September marks National Insider Threat Awareness Month, a time dedicated to emphasize the importance of detecting, deterring and reporting insider threats. This began as a collaborative effort by U.S. government agencies, three years ago and has now grown to both the public and private sector. 

In honor of the month, industry experts have shared their thoughts on different strategies organizations can use to protect themselves from these threats.


Nabil Hannan, Managing Director, NetSPI 

"To account for internal threats there must be a mindset shift in what constitutes an organization's threat landscape. Most companies focus exclusively on external threats and view their own people as trustworthy. As a result, insider threats are often under addressed cybersecurity threats within organizations. We learned with SolarWinds that detecting such a threat is vastly different from traditional pen testing, code review or other vulnerability detection techniques. Security teams need to move from only looking for vulnerabilities to also looking for suspicious or malicious code. With a vulnerability, the threat actor interacts with the attack surface in a way that exploits a weakness. With malicious code, the threat actor is either choosing or creating the attack surface and functionality because they have control over the system internally. So, instead of the threat actor exploiting vulnerabilities in the attack surface, now the threat actor creates the attack surface and exercises the functionality that they implement. Failing to implement threat modeling that studies potential threats to both vulnerabilities and malicious code can set your organization up with a false sense of security."


Will LaSala, Field CTO, Americas, OneSpan

"The rise of digitalization and Web 3.0 has led to an exponential increase of high-value transactions occurring online. As more processes become digitized an array of solutions have cropped up, most void of security capabilities. These solutions are unable to verify and authenticate the true identity of the person or business on the other end of the contract - which creates opportunities for threat actors to take advantage of unsuspecting employees, gain access to an organization's network and obtain sensitive data. 

Employees have become accustomed to signing contracts quickly and digitally, they are failing to verify whether or not the contract they have received is legitimate. As a result, employees are signing and unknowingly sharing confidential information with external threat actors. For example, attackers continue imitating the DocuSign brand, sending phishing links and documents that appear to be from DocuSign but in reality, are links and files that expose login credentials. With insider threats becoming a prominent security issue, organizations must take a proactive approach to mitigate exposure opportunities. To ensure that employees do not unknowingly expose data when signing digital documents, organizations should add enhanced authentication to secure access to agreements as well as ‘flatten' uploaded documents to avoid shadow attacks. Businesses who provide these solutions also have a role to play, ensuring the identification and authentication capabilities are built into the entire digital transaction lifecycle." 

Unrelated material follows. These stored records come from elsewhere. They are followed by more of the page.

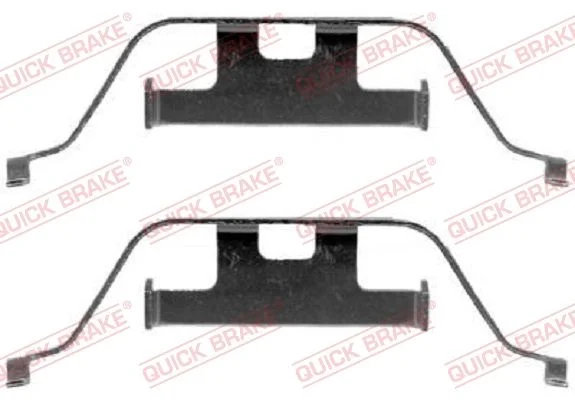1164 QUICK BRAKE 109-1201
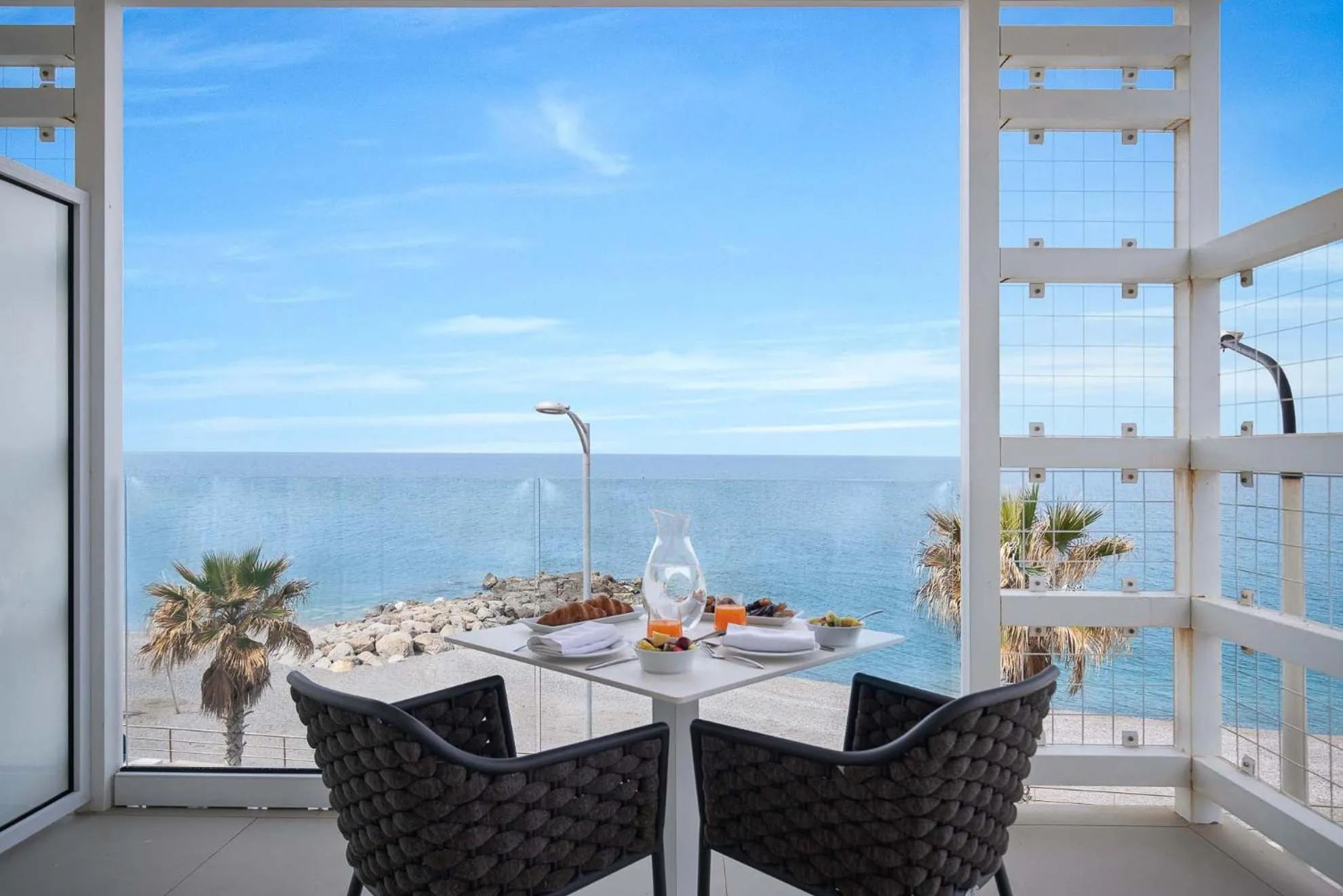 Day in Seaside Hotel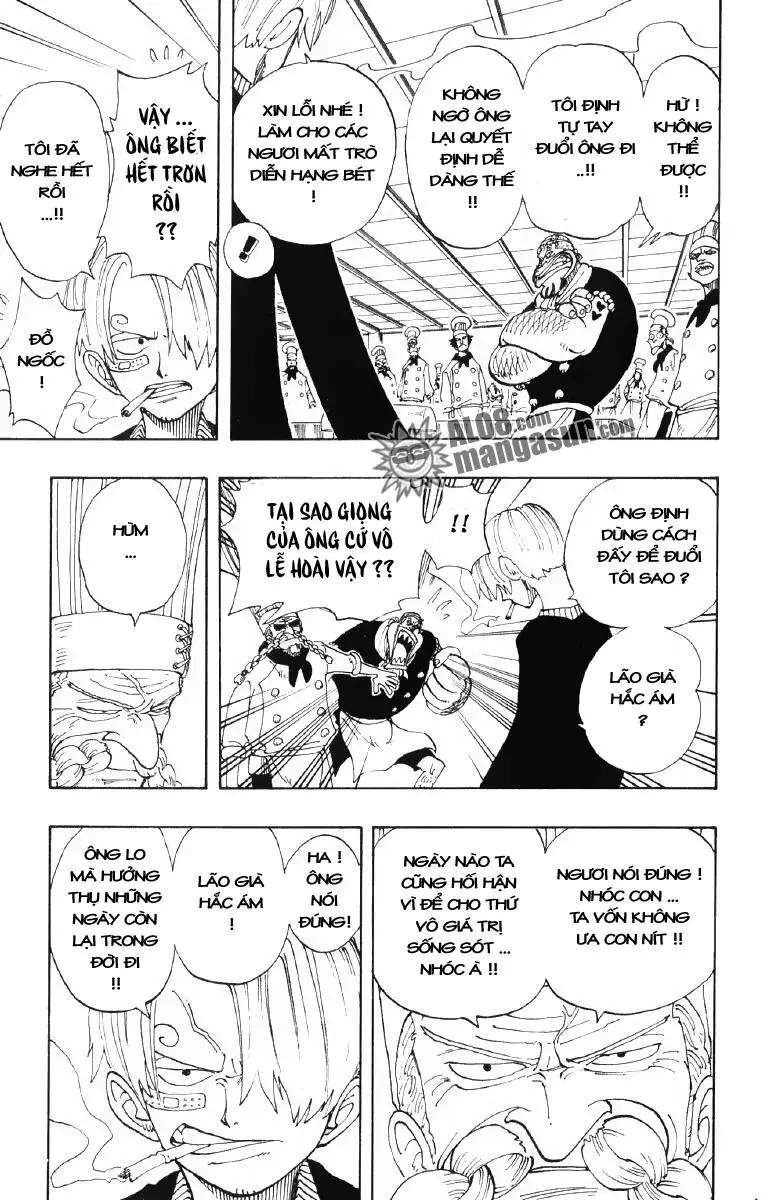 One Piece Nettruyen ZZZ Chương 68 Page 9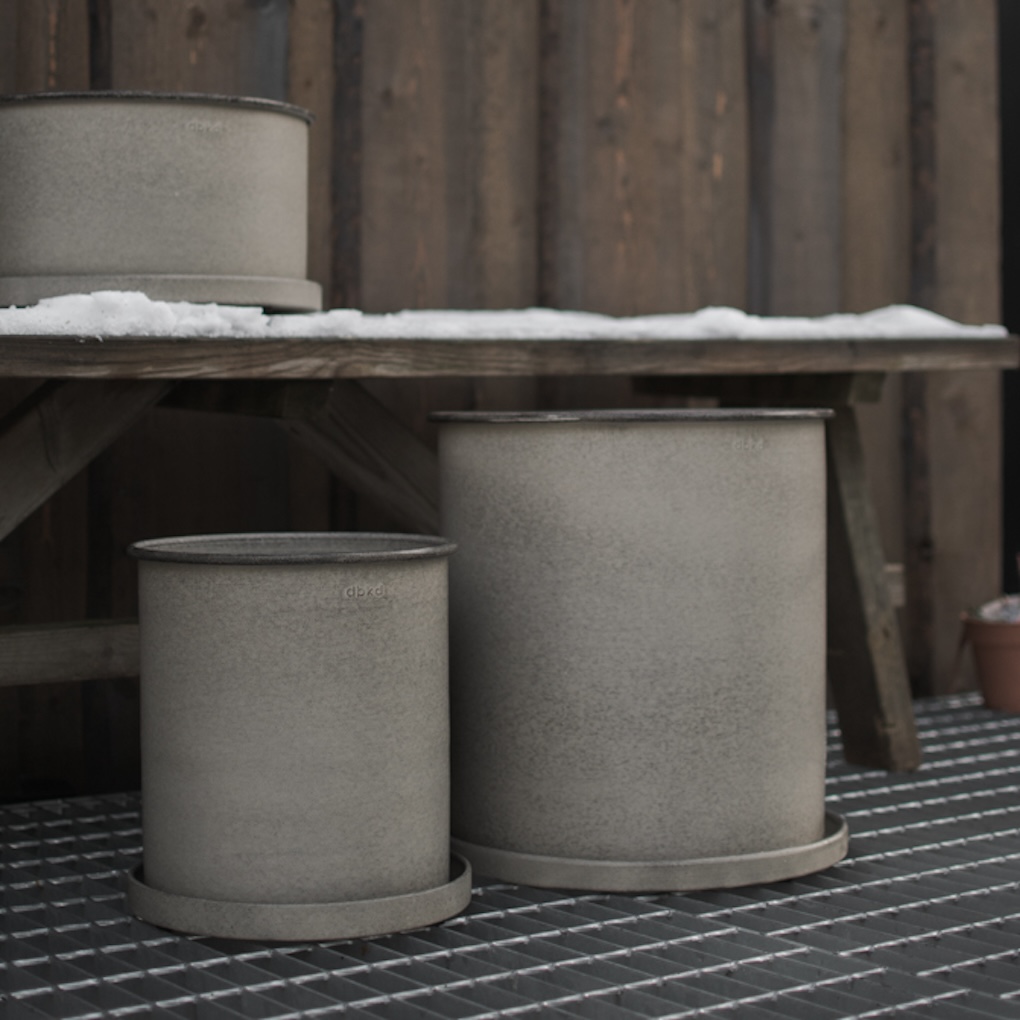 Plant Pot 2-pack - Beige - DBKD - 3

James Christiansen, CSO VP, Cloud Security Transformation, Netskope 

"The ‘Insider threat' has been one of the greatest threats since the beginning of IT. It's the risk that never goes away because insider threats involve employees - often the weakest link in any company's security posture. Employees are not only vulnerable to common attacks or insecure practices (e.g., email phishing), but they have bonafide access to workplace systems and an understanding of internal processes, providing the malicious insider a head start. For example, recent research found that 22% of users upload, create, share or store data in personal apps, creating an ever-increasing amount of data sprawl that puts sensitive company data at risk.

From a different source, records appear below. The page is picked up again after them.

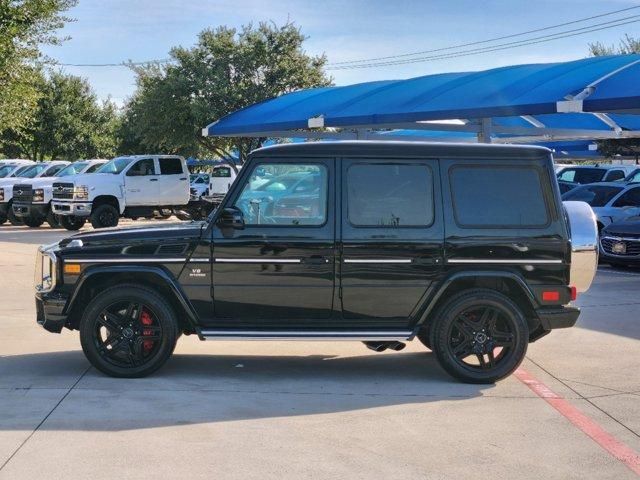 2013 Mercedes-Benz G-Class AMG 63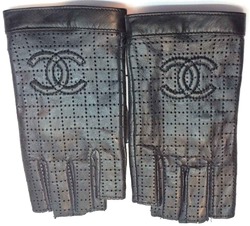 Авто перчатки Chanel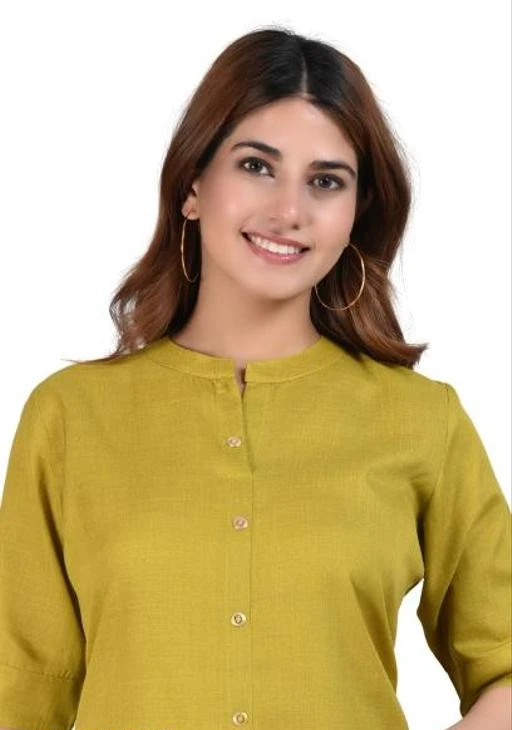 Checkout this latest Kurtis
Product Name: *Aagam Voguish Kurtis*
Fabric: Cotton
Sleeve Length: Three-Quarter Sleeves
Pattern: Solid
Combo of: Single
Sizes:
S, M, L, XL, XXL
Kurtis
Country of Origin: India
Easy Returns Available In Case Of Any Issue


SKU: n_4EoEpf
Supplier Name: H4U

Code: 422-139582636-993

Catalog Name: Aagyeyi Voguish Kurtis
CatalogID_41394778
M03-C03-SC1001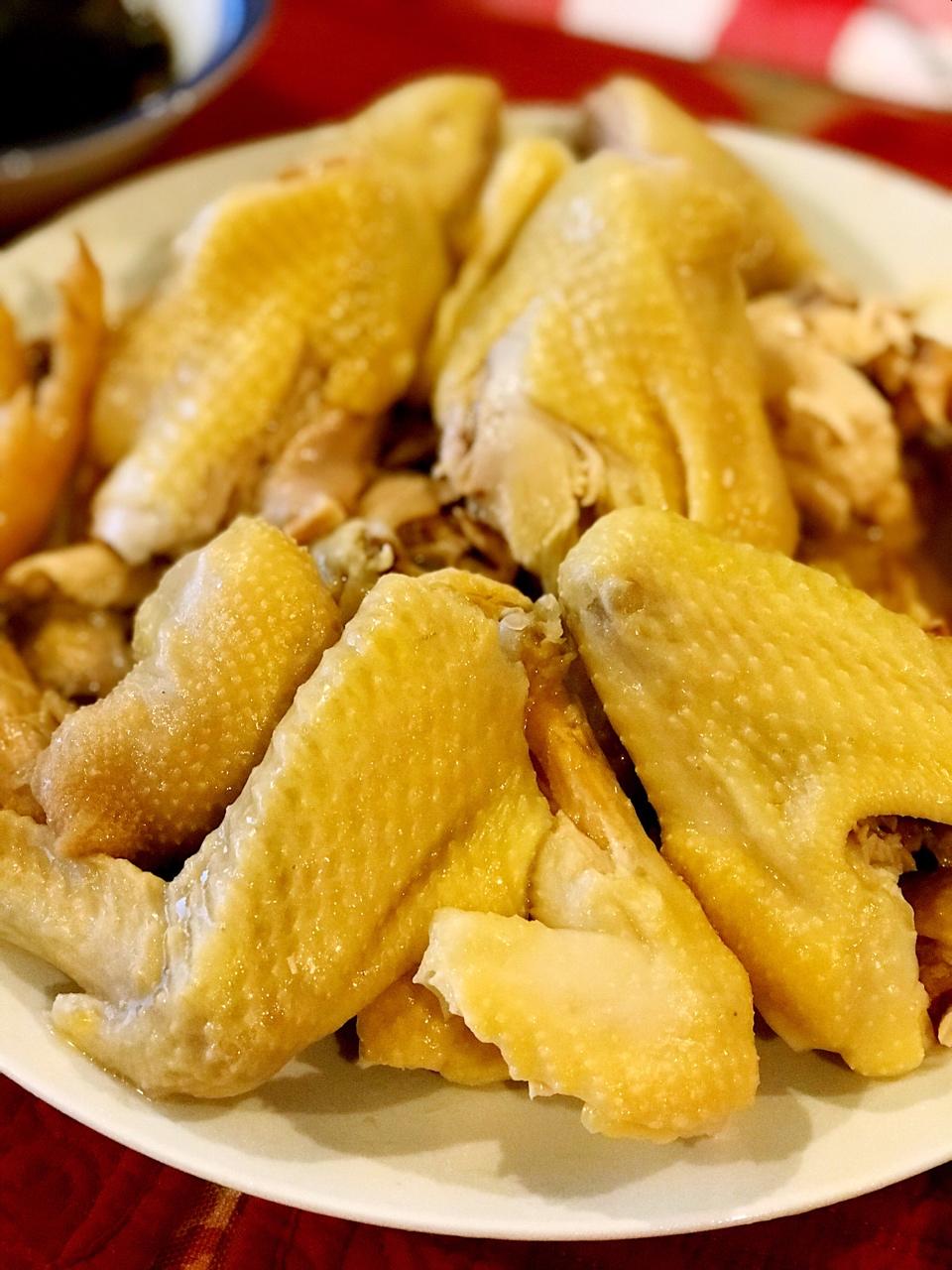白斩鸡—独家秘制蘸酱料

Organizations aren't required to report internal losses associated with insider losses, meaning this issue is more prevalent than we know. While there is rapid change in technology, there are a few steps to protecting against an insider threat. First, strong background checks, general awareness, and targeted education to high value employees is key to turning an insider from malicious to benign. Additionally, find ways to leverage analytic systems using strong statistical analysis to better understand normal and unusual behavior. By doing so, we can get better visibility, control, and ability to notify the users of their actions. Lastly, your best security monitor is your fellow staff members. Create a culture whereby if employees see something, they feel comfortable enough to say something."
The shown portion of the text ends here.